The message for Japan is clear enough: To maintain its manufacturing power, it should also give a big push to R&D projects. Much that needs to be done. For example, cooperation between industry and academia, an area in which the U.S. is taking the lead, should be facilitated through deregulation.

Building “industrial clusters” around industrial-academic cooperation in selected areas across the country — a program introduced in the ministry’s 2002 report on manufacturing — is also a step in the right direction. It is important, however, that these complexes be managed under the initiative of local governments and universities, and not under the rigid direction of the central government’s industrial policy.

Effective division of work also demands that Japan concentrate on goods and services of higher value. The marketing here of Chinese washing machines, for example, is a reminder that Japan’s future does not belong in such conventional products of lower value. Just as American manufacturers of home appliances withdrew from color televisions and video tape recorders in the face of Japanese competition, Japan should withdraw from old product lines to make way for countries such as China and South Korea.

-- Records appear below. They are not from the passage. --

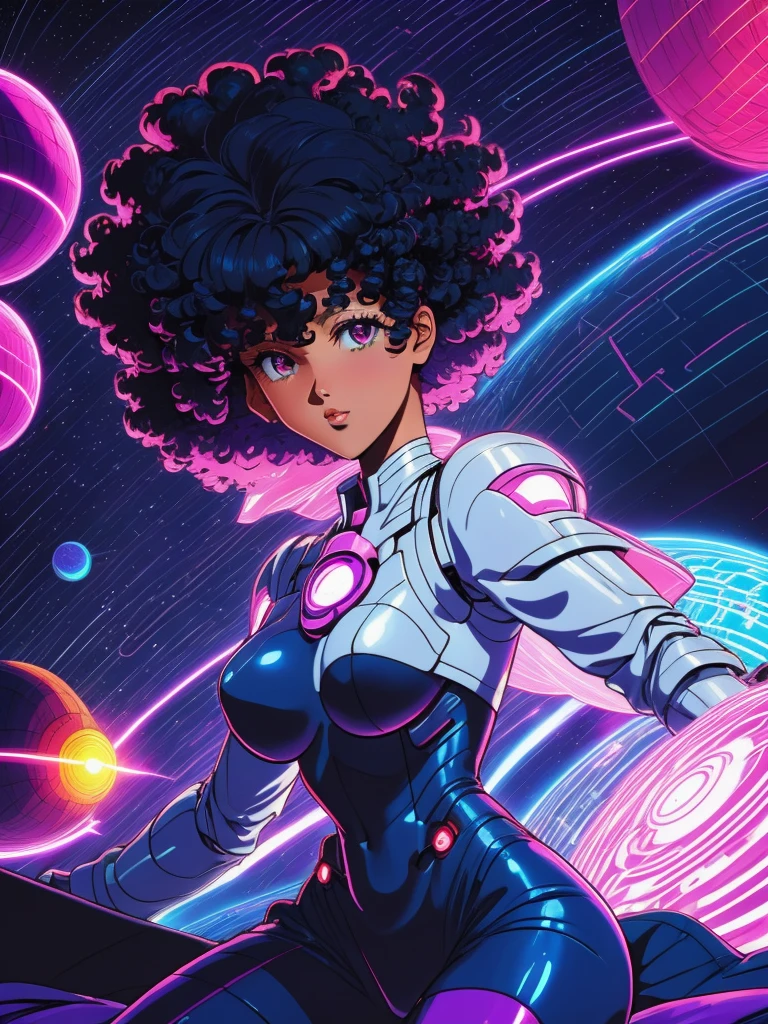 erwachsene Frau, weiße Frau, schwarzes lockiges Haar, kurzes lockiges Haar, Afro-Haarcut, Afro-Haarstyle, Afro-Haar, HHUD, Supernova, Weltraum,  HUD_Neon_90er Jahre_Anime-Serie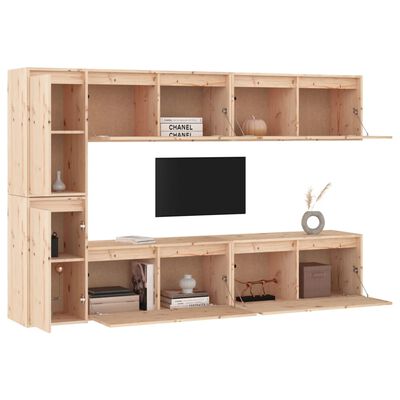 vidaXL Muebles para TV 6 piezas madera maciza de pino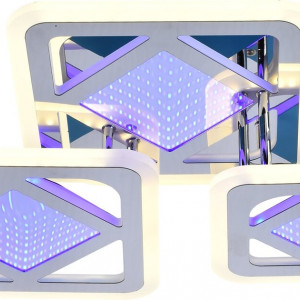 Люстра світлодіодна акрілова Sirius LI8885/3A CR (BL+YL) 98W+42W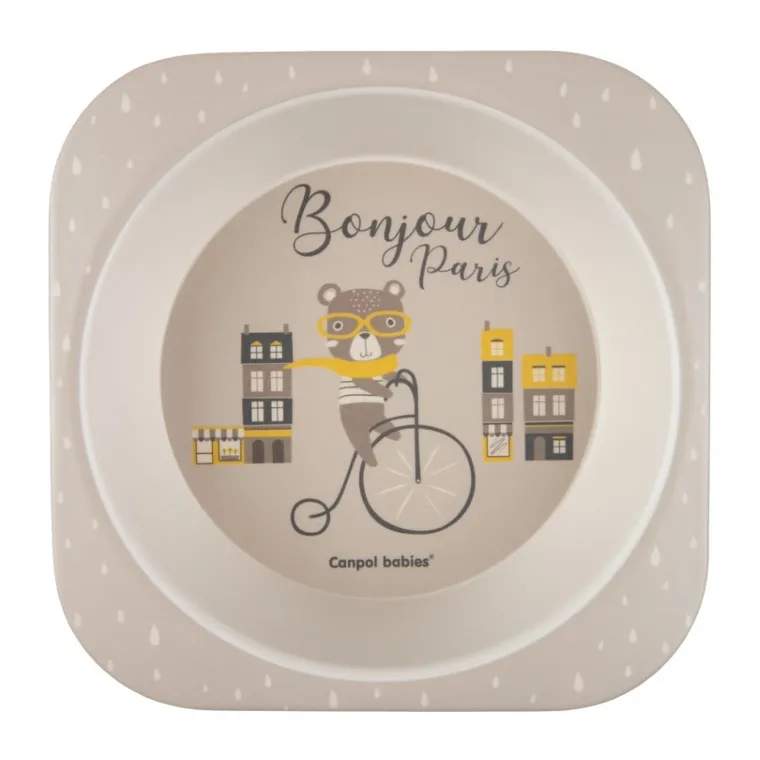 Canpol babies, Bonjour Paris, zestaw naczyń z kubkiem, beżowy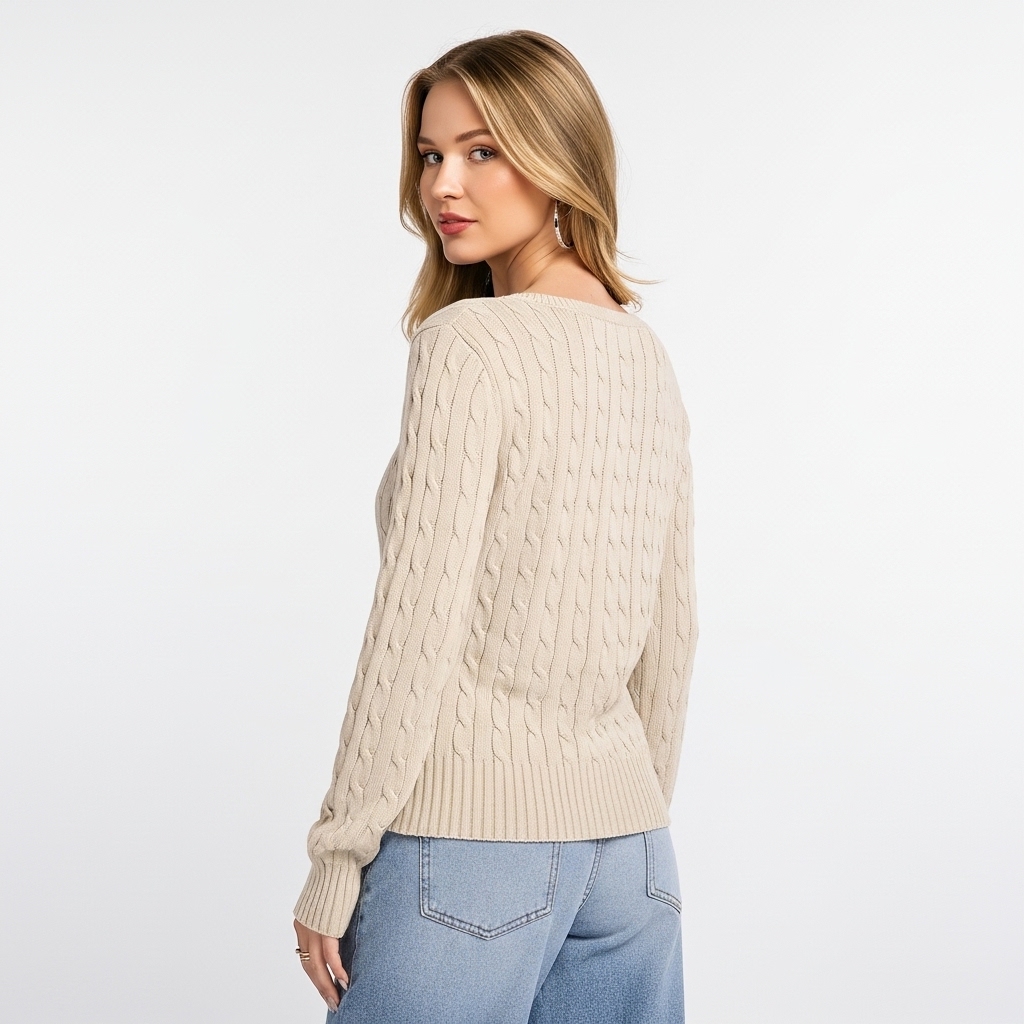 Long Sleeve Cable Knitted Design Sweater For Women - Image 20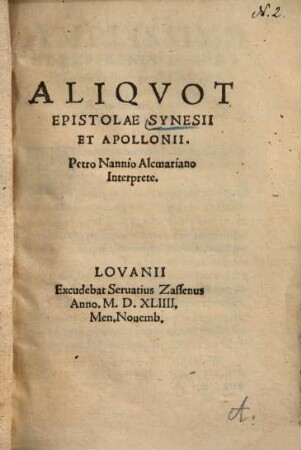 Aliquot epistolae Synesii et Apollonii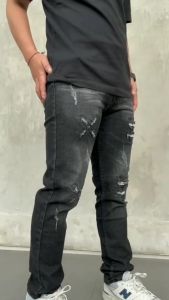 Celana Jeans Pria Sobek Lutut Motif 22 Ripped Jeans AFR99 Denim Premium Black Retro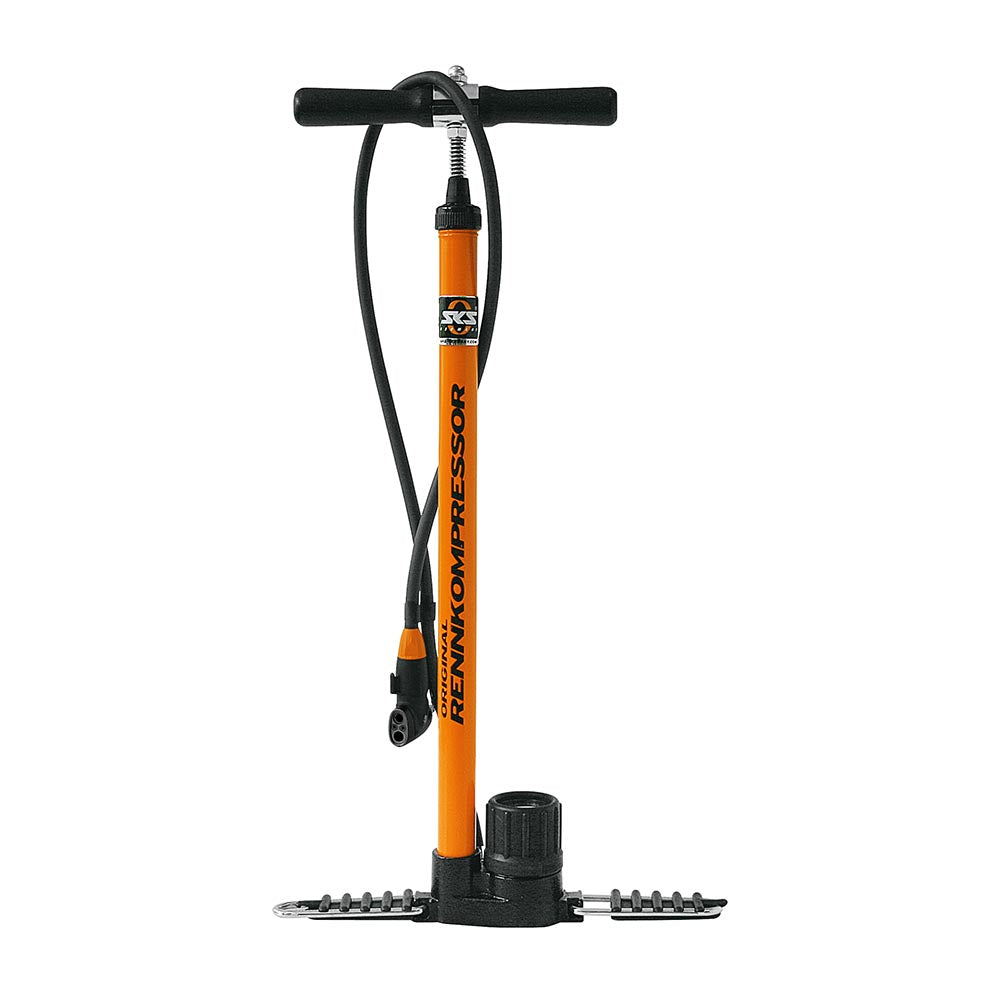 SKS Bike Multi-valve Floor Pump - RENNKOMPRESSOR Orange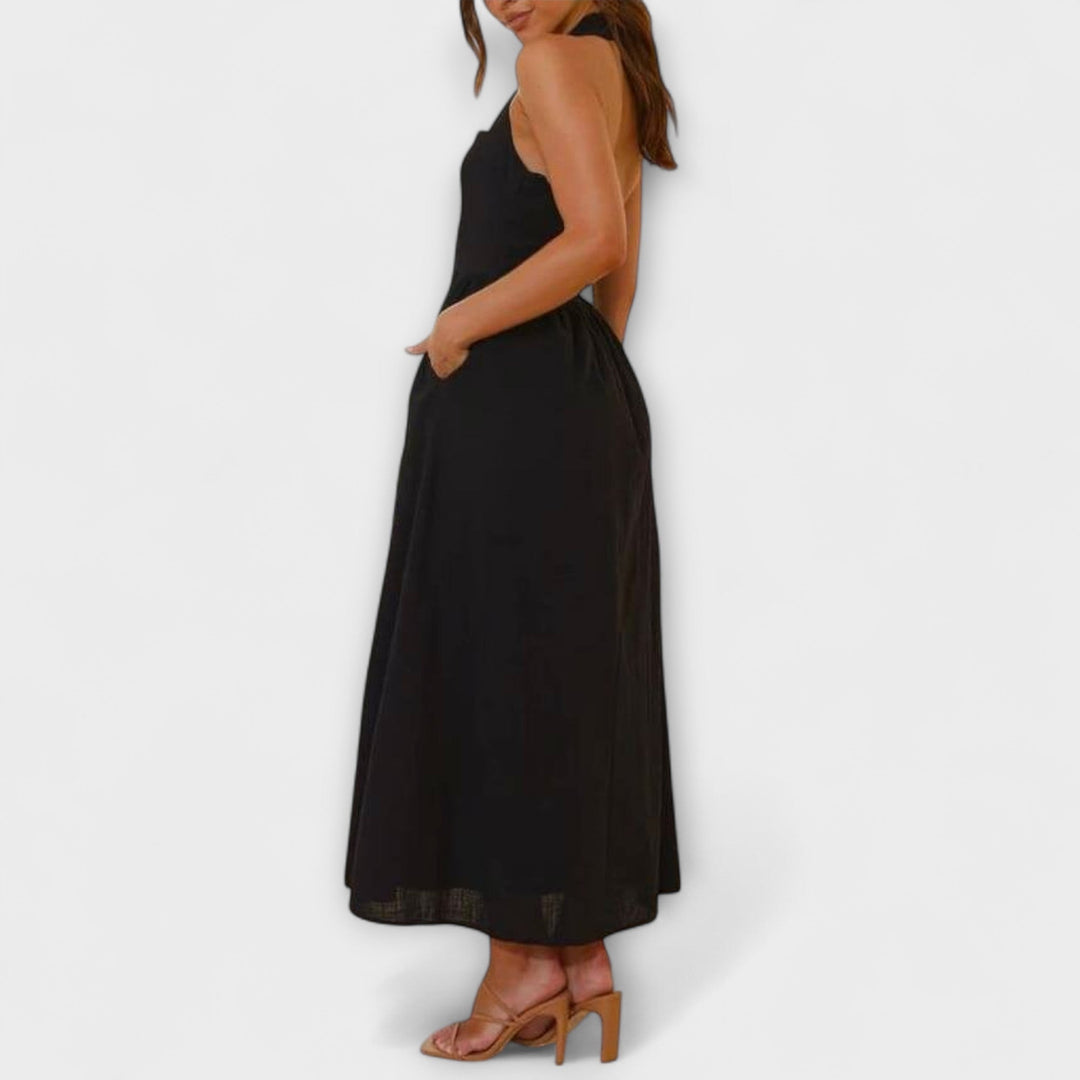Lydia - Vestido negro halter de longitud media con detalle en la cintura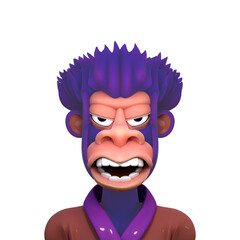 3D RENDER ILLUSTRATION. FANTASY FUNNY CRAZY MONSTER DEMON DEVIL APE MONKEY ANIMAL CUTE CARTOON CHARACTERS. PROFILE PICTURE PNG BLANK BACKGROUND.
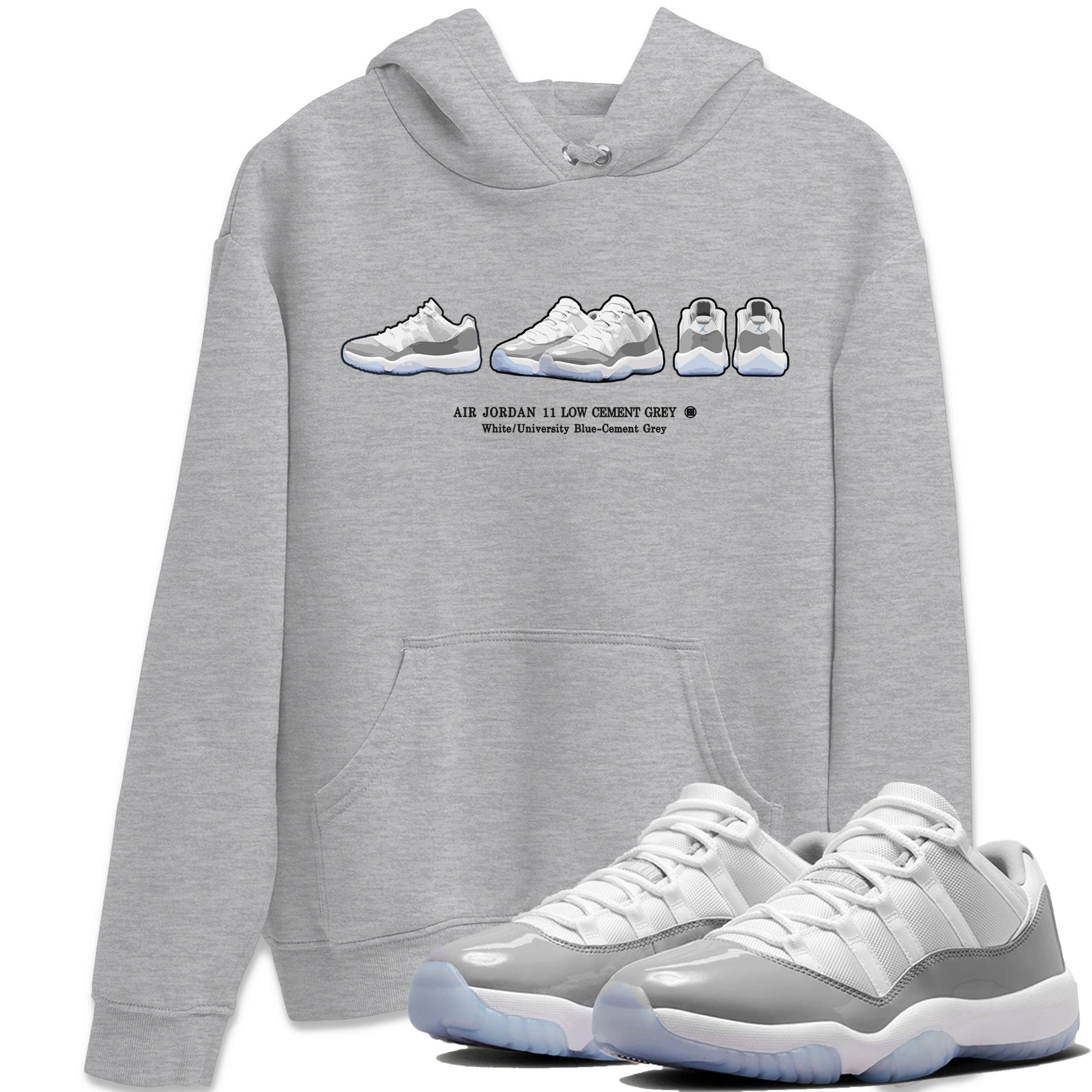 Air Jordan 11 White Cement Sneaker Match Tees Sneaker Prelude Sneaker Tees Air Jordan 11 Cement Grey Sneaker Release Tees Unisex Shirts Heather Grey 1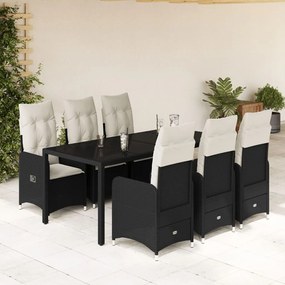 3276993 vidaXL Set bistro de grădină, 7 piese, cu perne, negru, poliratan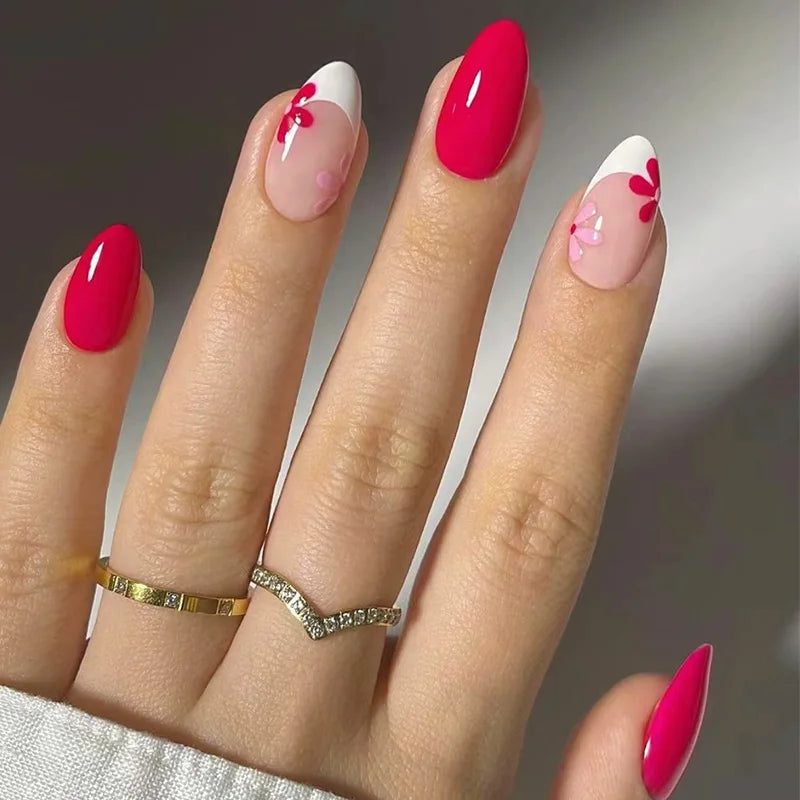 24Pcs Solid Nude Color Fake Nails with Jelly Glue Short Almond Press on False Nails Wearable Oval Finished Full Cover Nail Tips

Shifting managerial resources in favor of high-end goods and services requires change in the industrial structure. A free-trade agreement will facilitate such change by eliminating trade and investment barriers between member countries. Already a bilateral free-trade pact between Japan and Singapore, signed earlier this year, is set to take effect this autumn. What’s more, Japan and South Korea are in talks to conclude a similar agreement. Tokyo is also considering signing such accords with Mexico and other countries.

In these and other efforts toward economic integration, Japan is lagging behind the EU and North America. Both regions have set an encouraging precedent by developing new avenues of growth through structural reforms that a common market requires. Now is the time for Japan to spell out its own policy for East Asia so that it can achieve solid growth in this highly promising region.